In spite of this, the Nets have decided to play without Irving at all, instead of playing without him just some of the time—a move that seems to constitute a reversal of the team-building strategy that brought us to this point. Writing off a whole superstar certainly seems antithetical to winning. Perhaps the Nets believed their ultimatum, along with pleas from his teammates, would cause Irving to get vaccinated, or maybe they justifiably believed that Harden and Durant are enough to carry them through. However, according to head coach Steve Nash, the decision was made collectively with “‘everyone [getting] a say.’” Thus, it seems unlikely that this is a ploy by the front office—rather it seems to have been a team-based decision. Furthermore, if one believes Harden that the intention was “‘to set… the entire organization on the same path,’” then it’s also a decision based on prioritizing team chemistry over a superstar.

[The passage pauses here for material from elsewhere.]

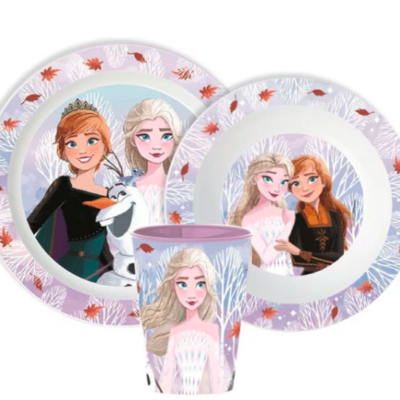 Disney Jégvarázs Autumn Leaves étkészlet, micro műanyag szett, pohárral 260 ml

But why now? Irving has voluntarily absented himself from the Nets before, admittedly under far less politically-charged circumstances, without the team taking such a public and definite stand about his return. The indefinite time scale of the vaccine mandate is a factor, as is the crucial importance of vaccines for bringing us through the pandemic. On a basketball level though, it may be that Kyrie has finally pushed the limits of individual superstar privilege so far that he violated the fundamental collectivity of a team sport—a collectivity that Harden suggests is being reasserted without Irving on the roster. If the Nets continue to turn it around this year and make a deep playoff run, then we should expect Kyrie to become less and less desirable as a teammate and, perhaps, for the Nets to move on from him when his contract expires after the 2022-23 season.